[TASK TO COMPLETE] Among the entries below, copy only the span from the line containing "Maruti Suzuki Wagon" through the line containing "Alıcılı LED TV". Do so exactly, and skip the pictures.

(RECORDED DATA Opens)

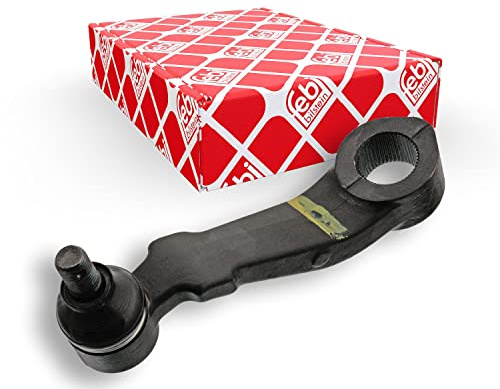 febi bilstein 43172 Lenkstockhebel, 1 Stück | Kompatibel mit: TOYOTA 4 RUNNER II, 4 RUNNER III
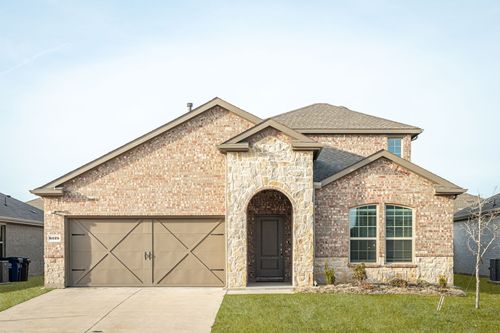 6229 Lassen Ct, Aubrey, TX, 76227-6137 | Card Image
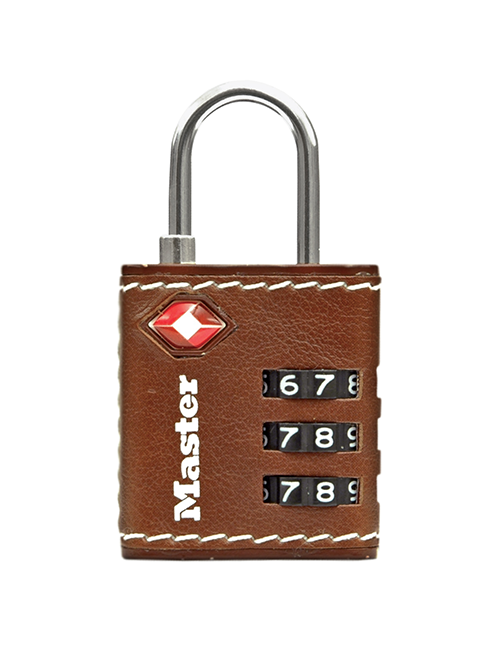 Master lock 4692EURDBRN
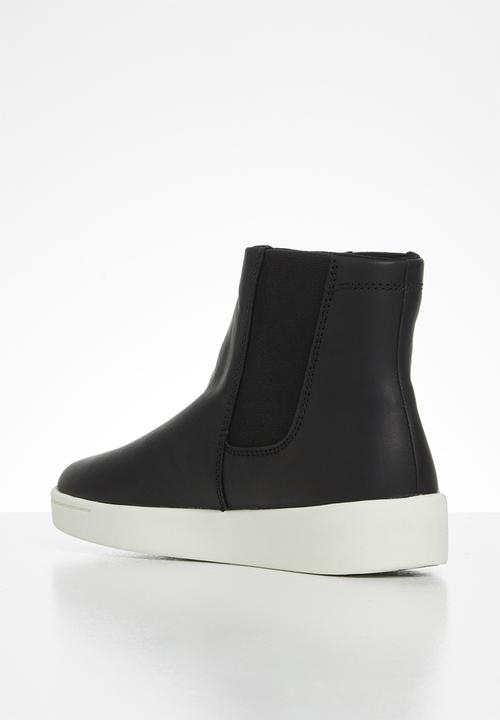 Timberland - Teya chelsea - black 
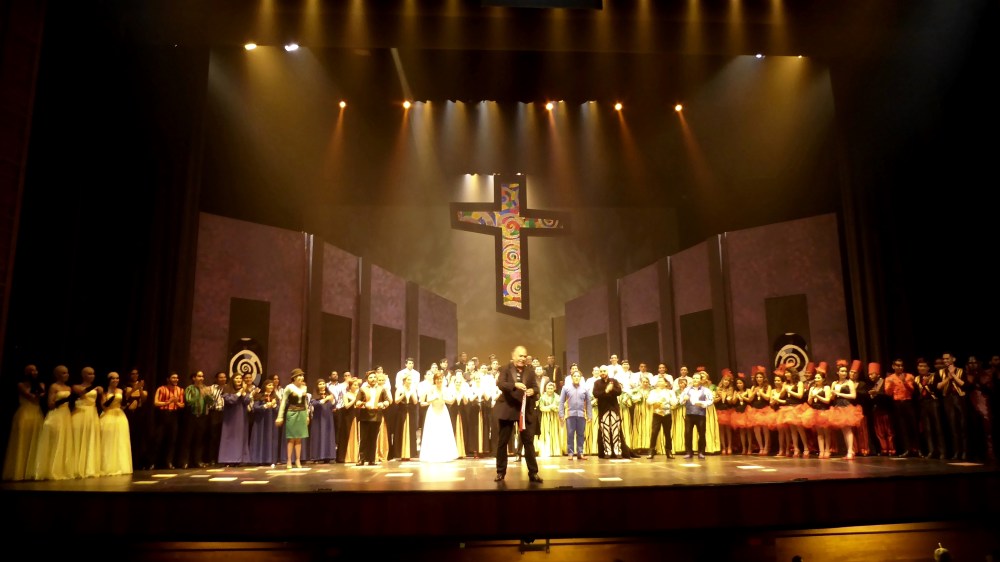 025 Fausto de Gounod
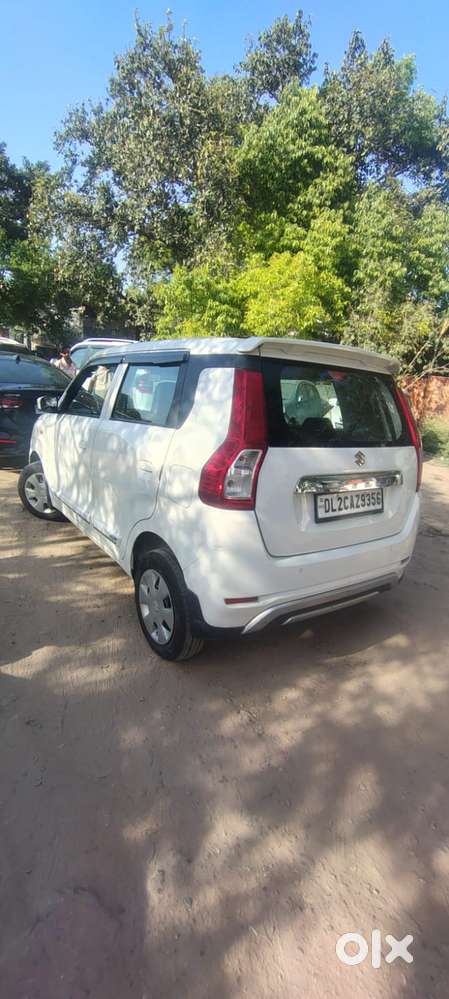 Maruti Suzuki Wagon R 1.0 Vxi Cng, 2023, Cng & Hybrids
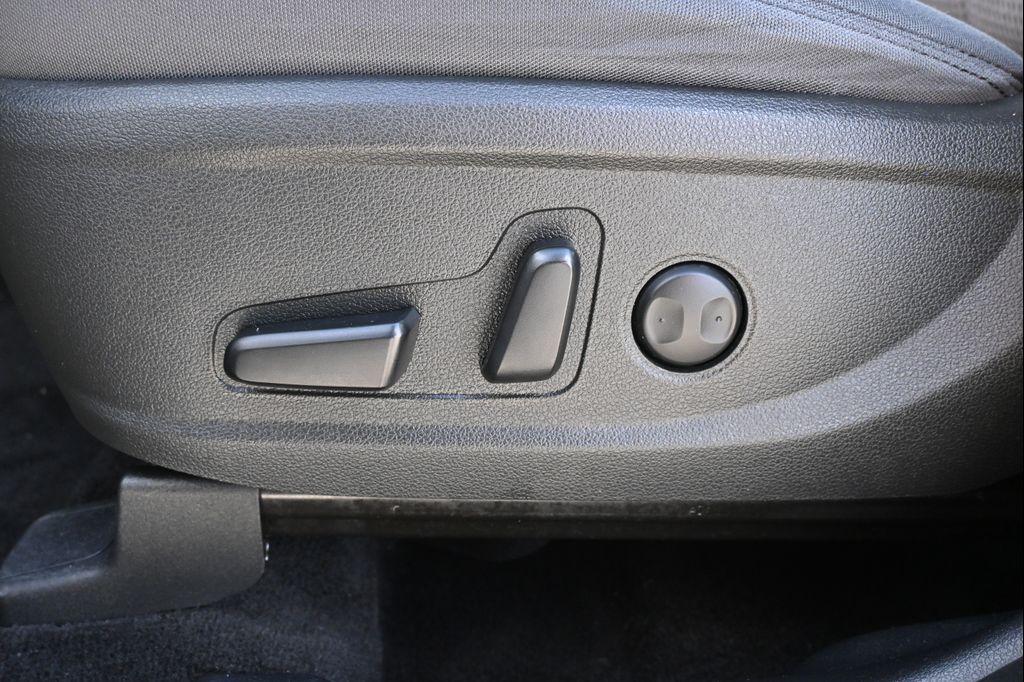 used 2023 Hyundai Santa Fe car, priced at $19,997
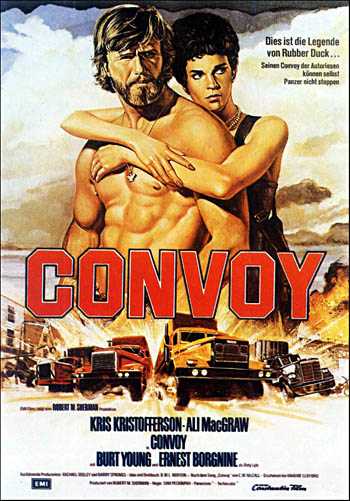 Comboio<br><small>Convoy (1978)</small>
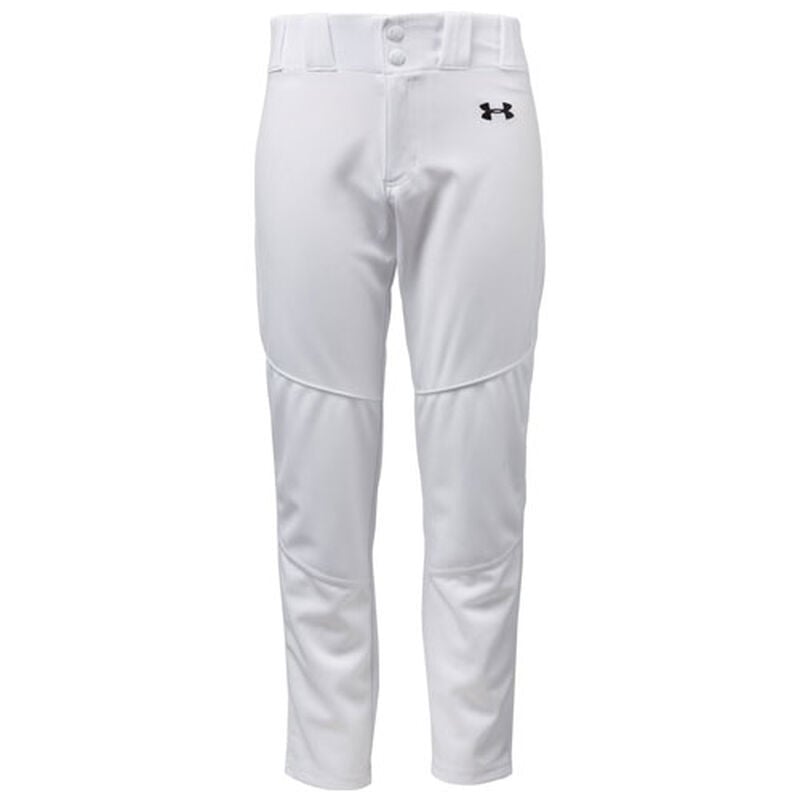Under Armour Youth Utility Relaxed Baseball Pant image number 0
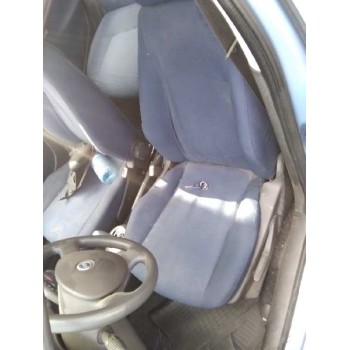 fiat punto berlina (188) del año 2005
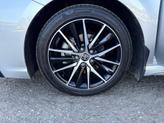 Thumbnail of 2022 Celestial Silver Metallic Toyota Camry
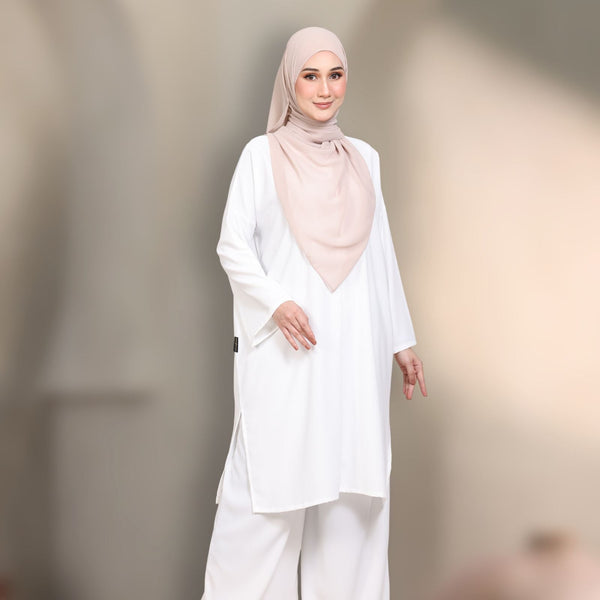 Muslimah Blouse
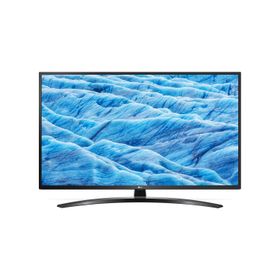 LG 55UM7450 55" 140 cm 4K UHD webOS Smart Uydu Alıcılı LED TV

(RECORDED DATA Closes)
(RECORDED DATA Opens)

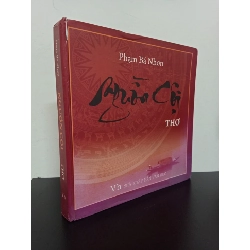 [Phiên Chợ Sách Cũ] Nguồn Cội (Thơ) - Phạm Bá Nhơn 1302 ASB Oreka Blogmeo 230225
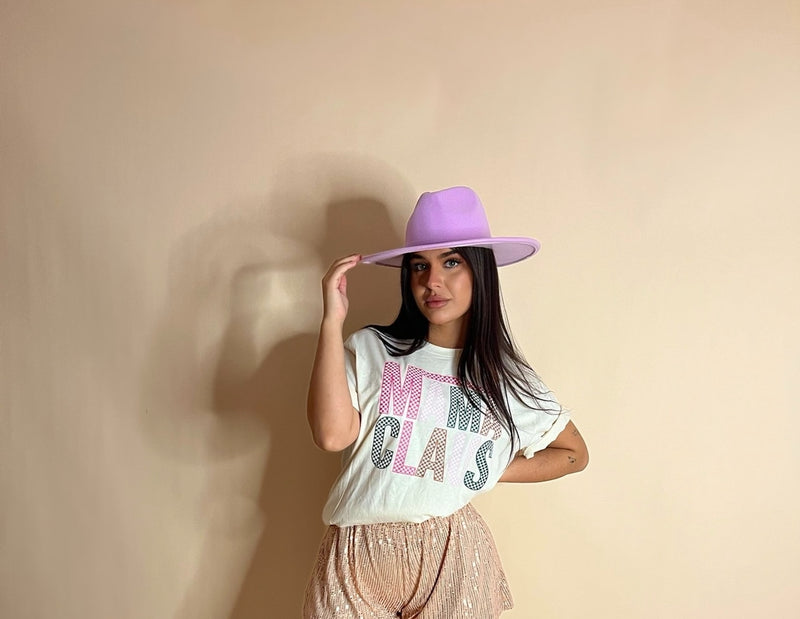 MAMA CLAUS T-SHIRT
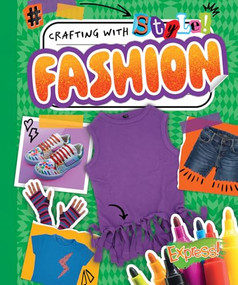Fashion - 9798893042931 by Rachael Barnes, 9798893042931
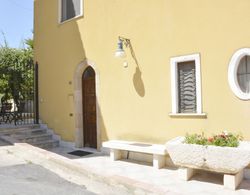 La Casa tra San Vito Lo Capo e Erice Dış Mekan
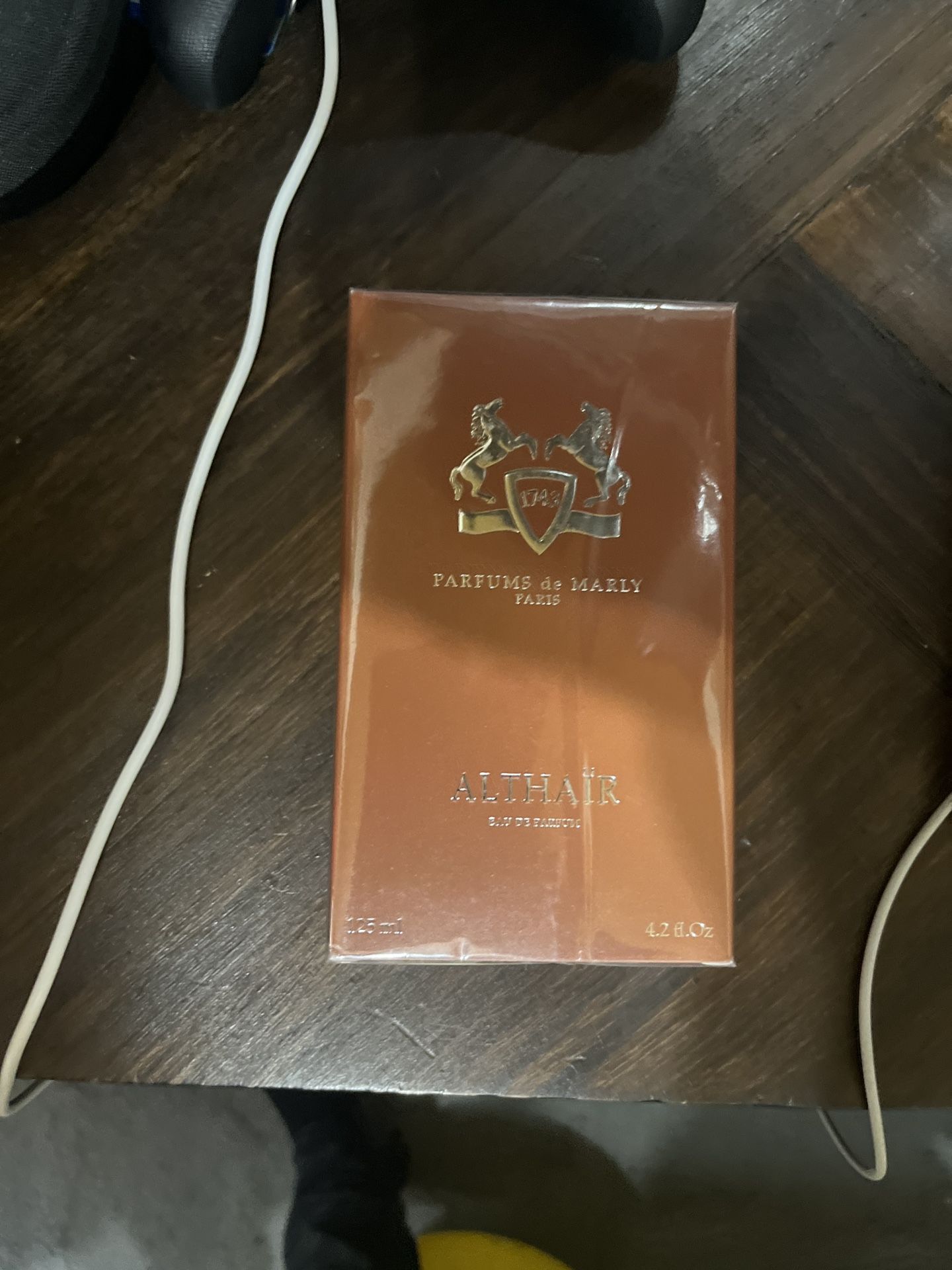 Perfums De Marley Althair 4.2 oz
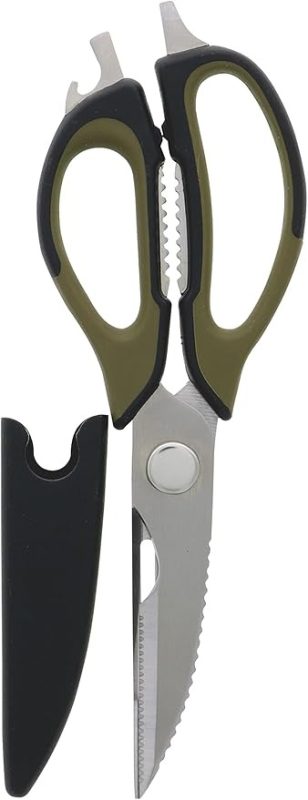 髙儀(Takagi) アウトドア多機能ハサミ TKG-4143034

(RECORDED DATA Closes)

[ANSWER AREA]
 Maruti Suzuki Wagon R 1.0 Vxi Cng, 2023, Cng & Hybrids
 used 2023 Hyundai Santa Fe car, priced at $19,997
 Comboio<br><small>Convoy (1978)</small>
Under Armour Youth Utility Relaxed Baseball Pant image number 0
 fiat punto berlina (188) del año 2005
 Thumbnail of 2022 Celestial Silver Metallic Toyota Camry
 Muslimah Blouse
 LG 55UM7450 55" 140 cm 4K UHD webOS Smart Uydu Alıcılı LED TV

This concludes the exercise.